The Chrome extension handles browser automation that requires your existing signed-in session. Rather than spinning up a separate browser profile, it works within Chrome in the background. OpenAI’s approach to data here is specific: browser activity is only stored when it becomes part of the Codex thread context, such as text Codex reads from a page, screenshots, tool calls, or summaries included in the conversation. There is no separate complete record of Chrome actions stored independently.
Personalized Memory allows Codex to carry forward useful context between sessions. After you enable it, Codex can turn relevant content from eligible prior threads into local memory files, stored under your Codex home directory at ~/.codex by default. It skips short-lived or active sessions, redacts secrets from generated memory fields, and updates memories in the background rather than immediately at the end of every thread.
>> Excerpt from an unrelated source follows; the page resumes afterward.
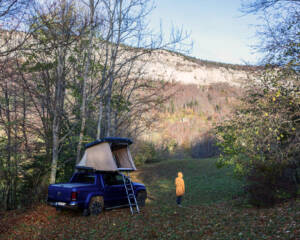 Tente de toit en pleine nature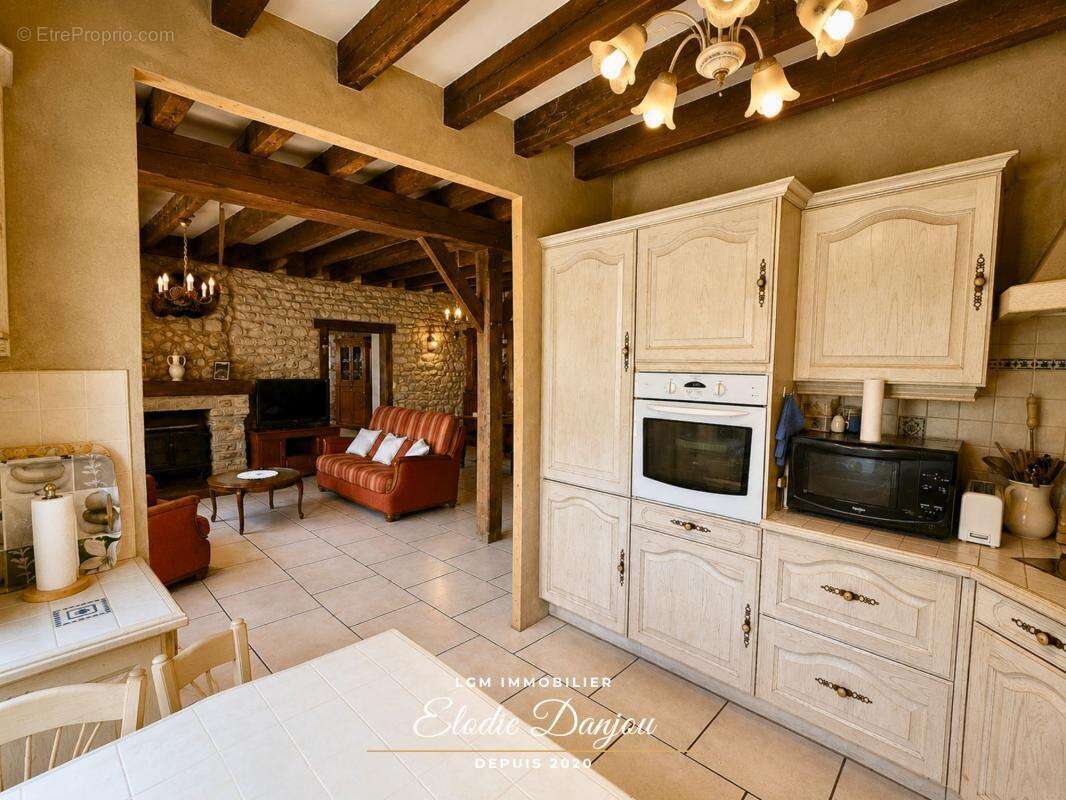 Maison en pierre avec 3 chambres, piscine et dépendances – À 10 minutes de Châteaudun - photo 3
Chronicle is an opt-in research preview, currently limited to ChatGPT Pro subscribers on macOS. It captures screen context locally and uses a temporary Codex session to generate memories from what is visible on your screen. Screenshots are processed on OpenAI’s servers to generate those memories, but are not stored after processing and are not used for training. The resulting memories are saved locally as unencrypted markdown files in $CODEX_HOME/memories_extensions/chronicle/. Before enabling it, it is worth knowing that Chronicle uses rate limits quickly, increases the risk of prompt injection, and stores its memory files unencrypted on your device.
The privacy default you should know about
This is the detail worth paying attention to if you are in the EEA, UK, or Switzerland: Memory is off by default in those regions. You need to opt in to enable it. This is a deliberate design choice that reflects the privacy norms those regions operate under, GDPR in particular. It also means that browser automation through the Chrome extension will not draw on saved memories unless you have actively turned Memory on.
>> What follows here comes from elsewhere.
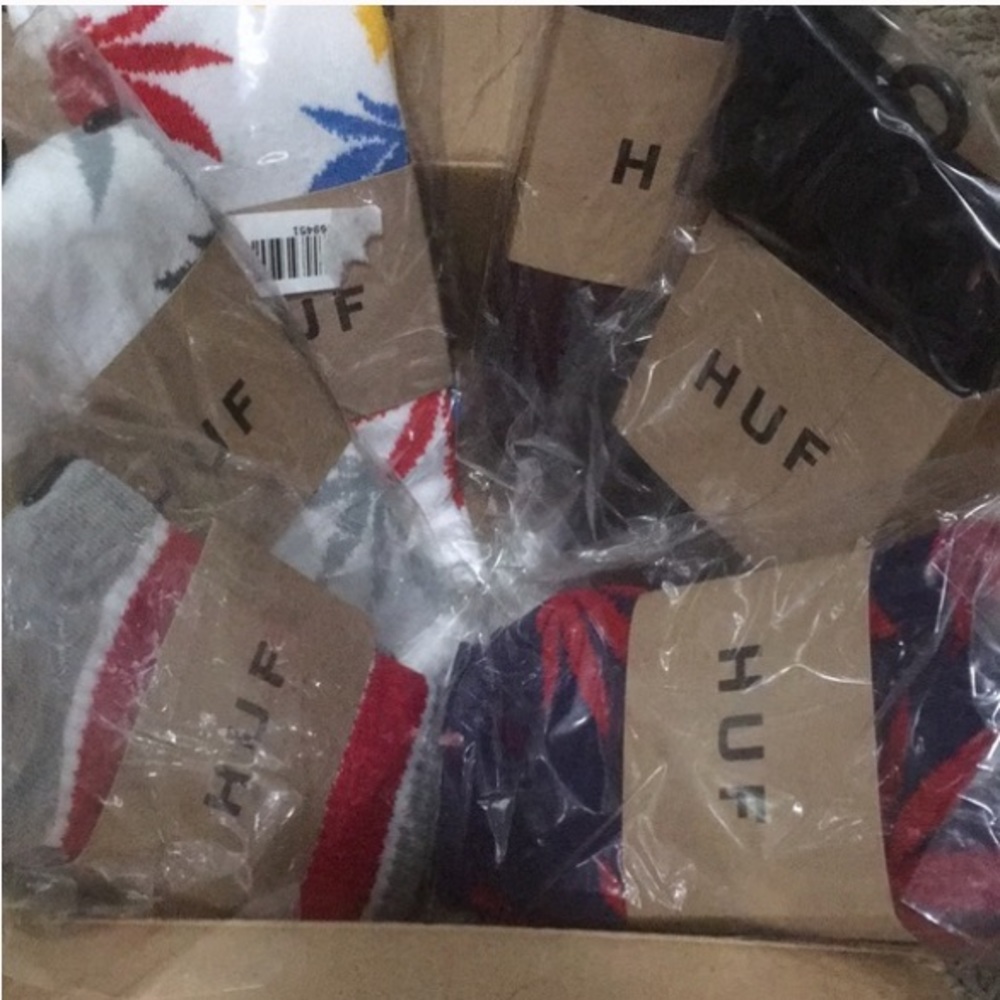 HUF socks (6 pairs)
This is a sensible default, but it is also easy to miss if you are expecting Codex to behave the same way as it does for users elsewhere. If you want the personalised, context-aware experience that Memory enables, you need to go and switch it on.
A few other things in the same release
Alongside the regional expansion, the same changelog update includes a couple of useful additions. Browser use in Chrome and the Codex in-app browser now has a developer mode, giving Codex Chrome DevTools Protocol (CDP) access for performance profiling and deeper debugging of network traffic, console output, runtime errors, and page state. Browser use has also been made up to 2x faster through CDP and DOM snapshot optimisations that reduce the number of browser round trips. And the /init command is now available in the app composer for creating project instructions, bringing the same initialisation workflow from the Codex CLI into the desktop app.
What this means for you
If you are a Codex user in Europe and have been working around the regional restrictions, you no longer need to. The features are available without any workaround required.
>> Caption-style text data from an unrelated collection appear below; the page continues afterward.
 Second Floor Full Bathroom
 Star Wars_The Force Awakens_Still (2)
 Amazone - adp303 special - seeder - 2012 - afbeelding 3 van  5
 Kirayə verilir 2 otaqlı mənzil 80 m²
If you are new to these capabilities, the practical starting point is Computer Use for desktop tasks that have no clean API or CLI equivalent, and the Chrome extension for anything that requires your actual signed-in browser session. Memory is worth enabling once you have a sense of the kinds of context you want Codex to retain across sessions. Chronicle is compelling but carries more risk, and the Pro-only, macOS-only limitation means it will not apply to most users right now.
The opt-in default for Memory is worth respecting rather than dismissing. It exists for good reasons, and it is worth taking a moment to understand what you are enabling before you switch it on.